Then there is Paul’s Spirit-inspired appropriation of the narrative of Sarah and Hagar as allegory in Galatians 4:24. Was Paul saying that these were not really two historical women? No, of course not—any more that he was saying that the Rock that “was Christ” (1 Cor. 10:4) was not a literal rock in the wilderness. It was that too. I am only trying to give a first glimpse of how the choice between “literal” statements about things on the historical timeline and any fuller meaning of the same is a false dilemma.

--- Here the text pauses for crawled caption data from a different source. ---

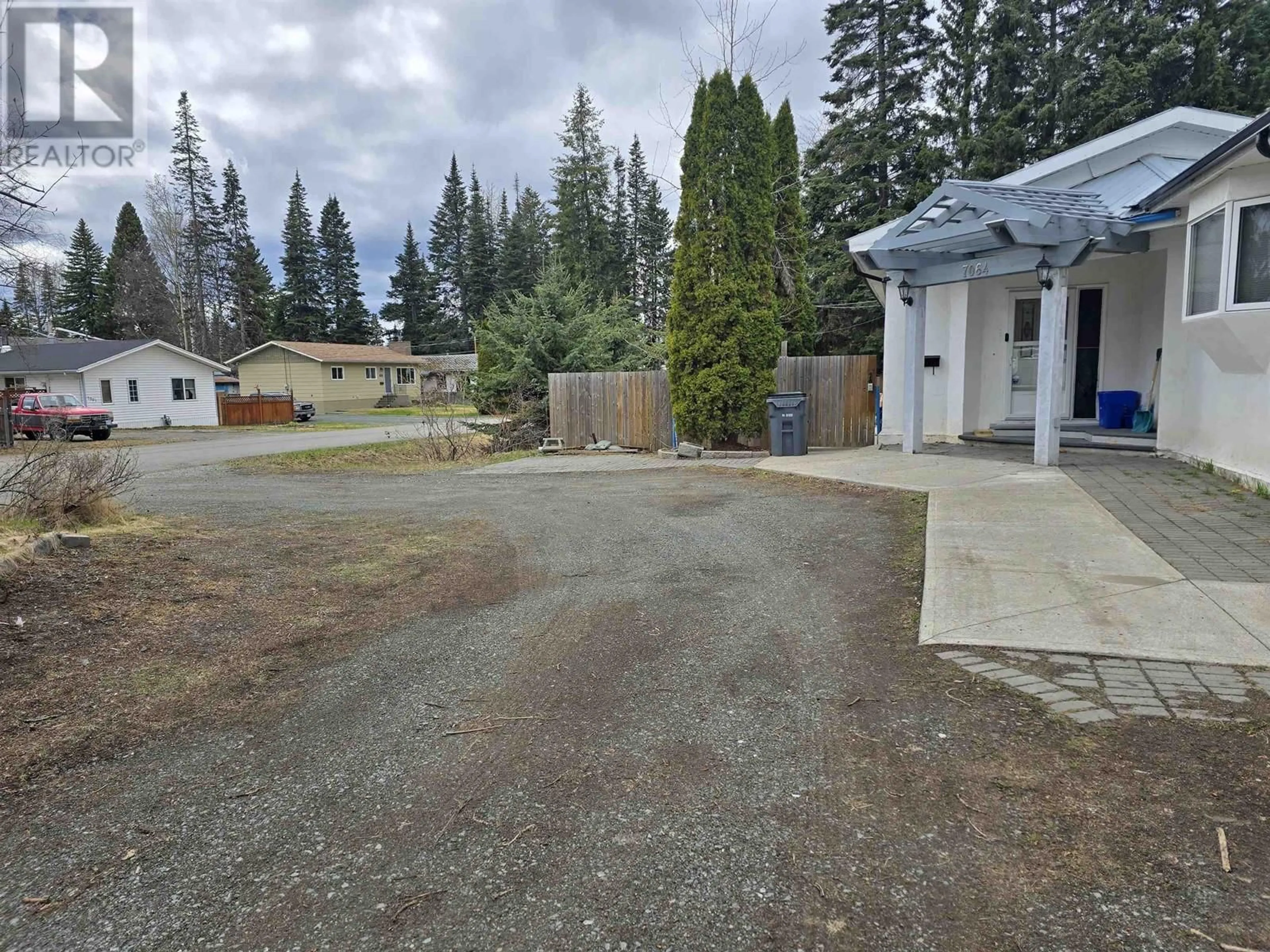 Home with vinyl exterior material, street for 7064 ADAM DRIVE, Prince George British Columbia V2K2M7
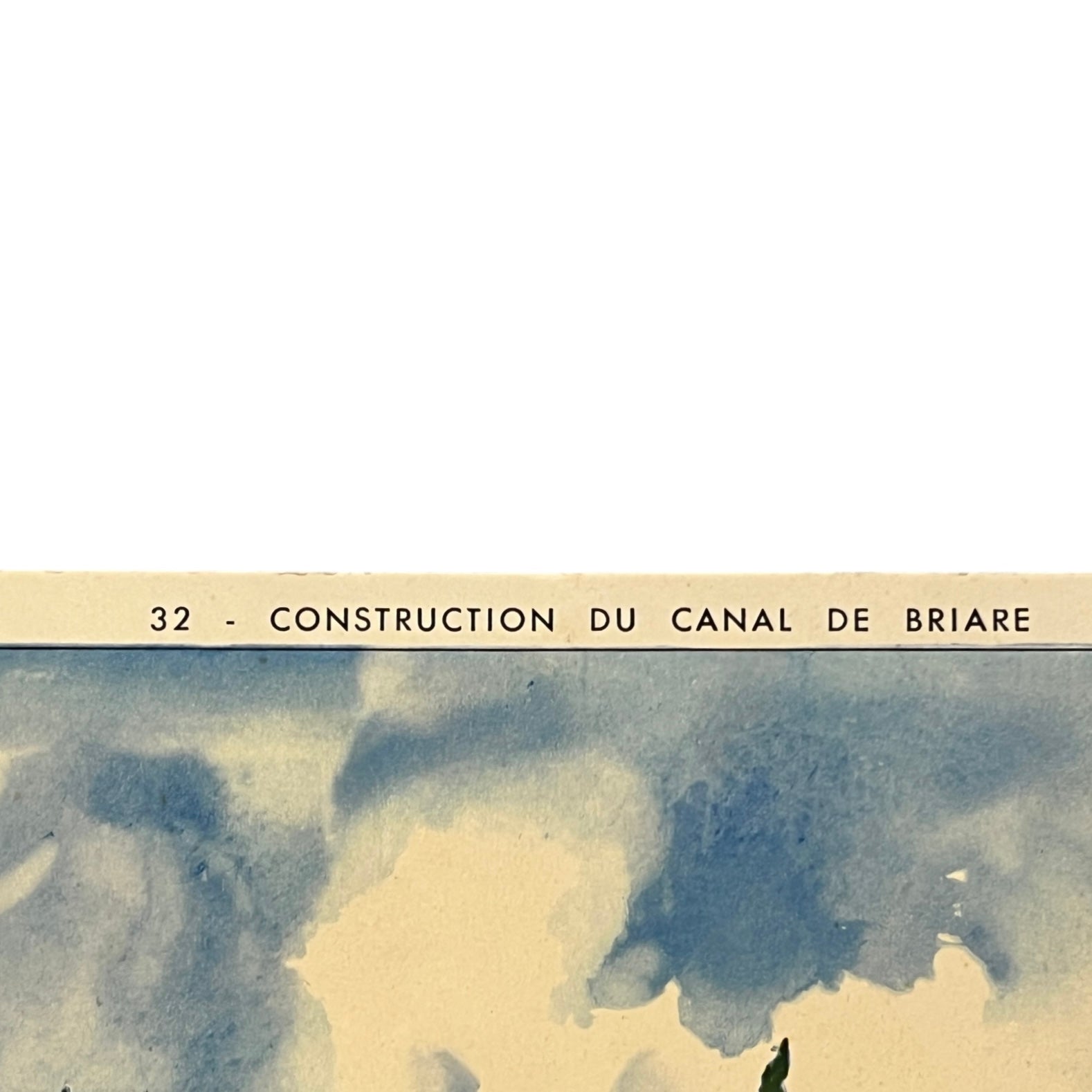 close up of corner of French school poster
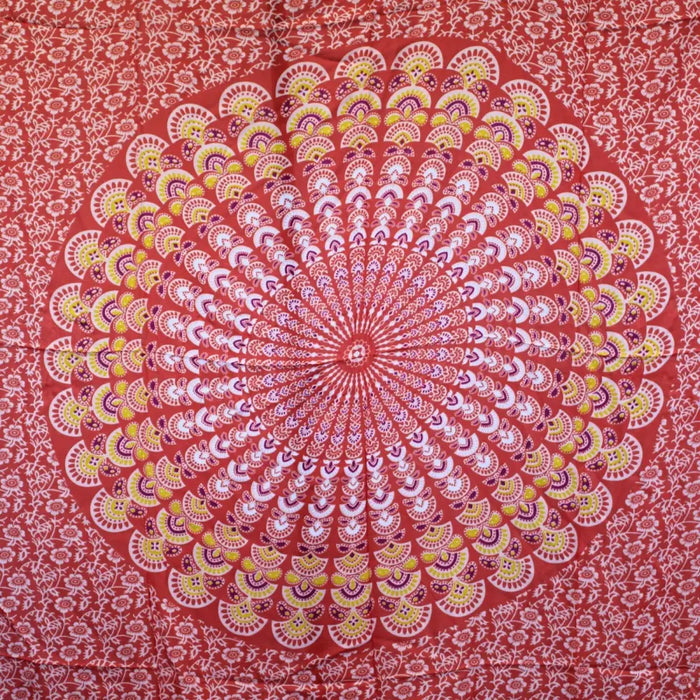 Pink rose mandala sarong with vibrant red fabric and intricate yellow white and purple concentric patterns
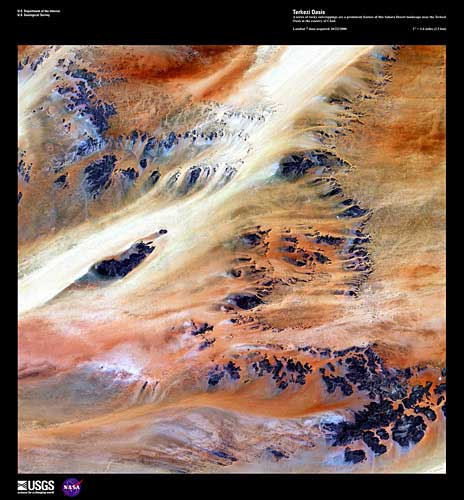 Dark outcroppings strung across the oranges and yellows of the Sahara Desert
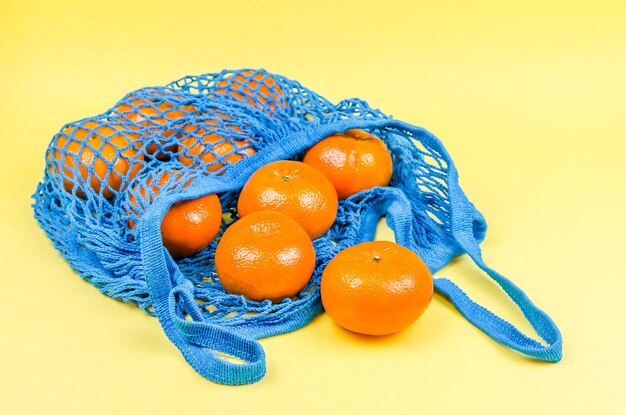 Concepto sin plástico. naranjas en una bolsa de malla azul. plástico libre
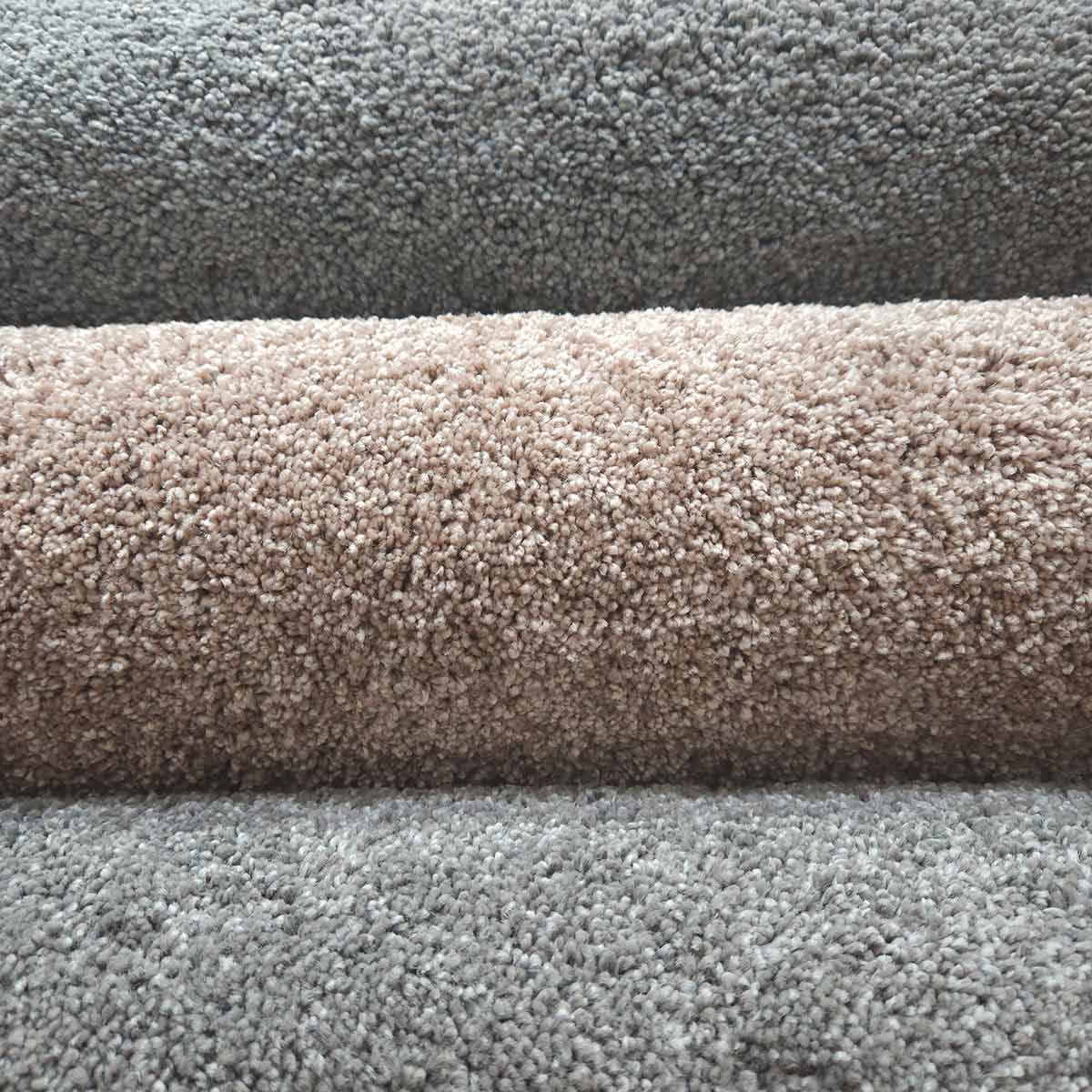 A Close up Of Three Rolls of Carpet in Different Colors — Kelwin Coastal Carpets In Kundra Park, QLD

The Concept of '“Full Meaning”
Let us put it like this. God means all that is true from any subset of the Scriptures. All that the human author means is wholly true, as he is inspired by the Holy Spirit (2 Tim. 3:16, 2 Pet. 1:20-21). Yet it simply does not follow that the human author must consciously mean all that God means by each truth in order for both circles (God’s whole meaning and the inspired author’s whole meaning) to be wholly true. Anyone who doesn’t get this down, sooner or later, is going to run into all sorts of difficulties in texts where additional layers of meaning ascribed by the Bible itself confound the plain sense of the immediate author in the original text. So Hosea 11:1 had already theologized on the exodus long before Matthew 2:15 would further theologize on Hosea 11:1.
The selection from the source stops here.